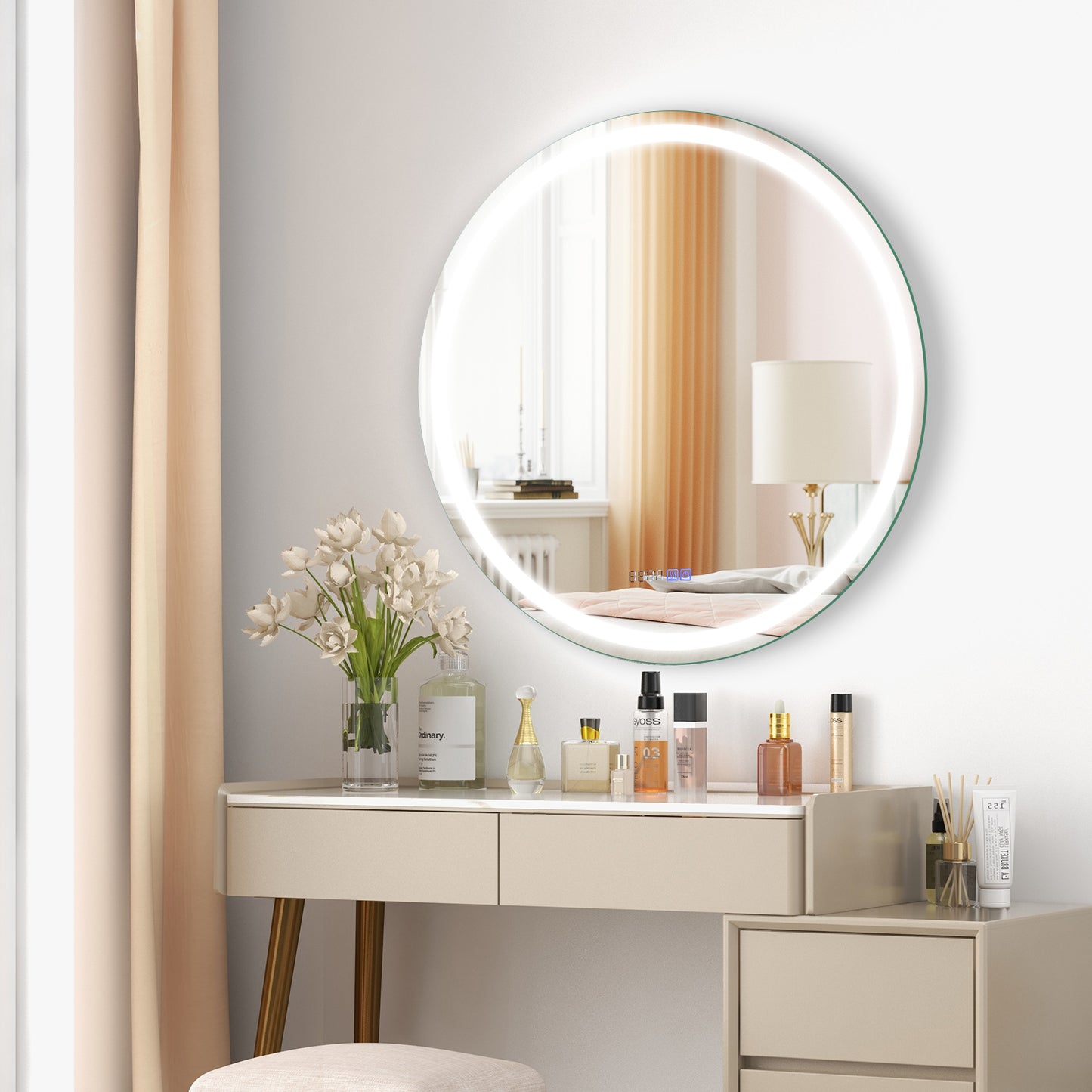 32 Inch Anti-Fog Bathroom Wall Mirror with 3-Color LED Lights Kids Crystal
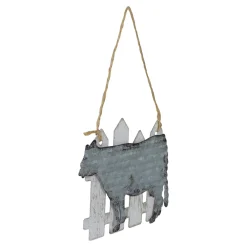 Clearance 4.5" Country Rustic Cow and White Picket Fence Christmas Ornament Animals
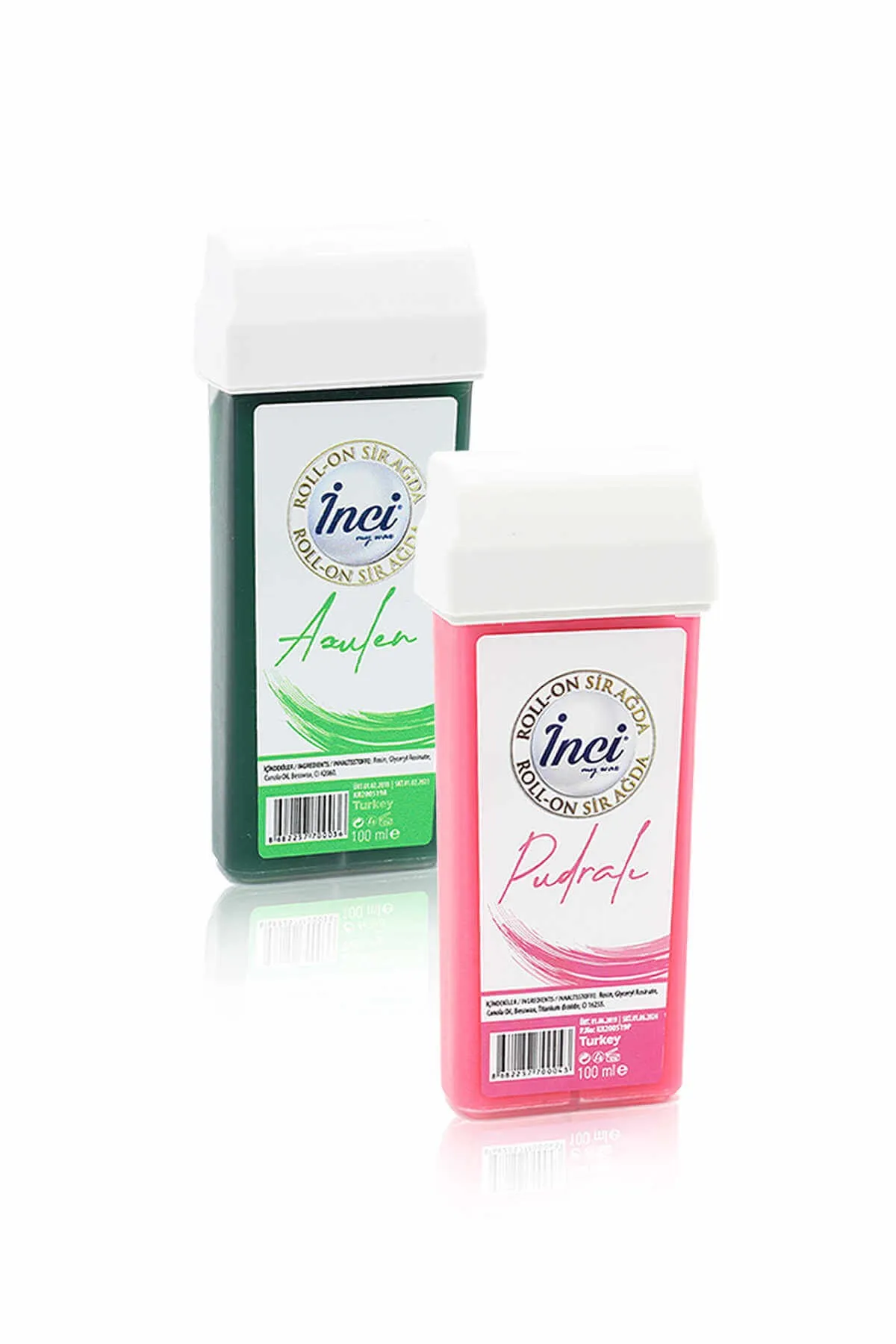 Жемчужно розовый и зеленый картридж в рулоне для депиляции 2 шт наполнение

* * *

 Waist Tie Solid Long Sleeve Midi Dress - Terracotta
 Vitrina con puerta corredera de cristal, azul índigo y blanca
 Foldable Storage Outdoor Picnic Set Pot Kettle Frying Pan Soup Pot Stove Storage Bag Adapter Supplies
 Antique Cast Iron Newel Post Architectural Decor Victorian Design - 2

#### Required work
Looking at the entries above, can you reproduce exactly the lines from the one that holds "Waist Tie Solid" through the one that holds "Foldable Storage Outdoor", and only those?

#### Task solution
 Waist Tie Solid Long Sleeve Midi Dress - Terracotta
 Vitrina con puerta corredera de cristal, azul índigo y blanca
 Foldable Storage Outdoor Picnic Set Pot Kettle Frying Pan Soup Pot Stove Storage Bag Adapter Supplies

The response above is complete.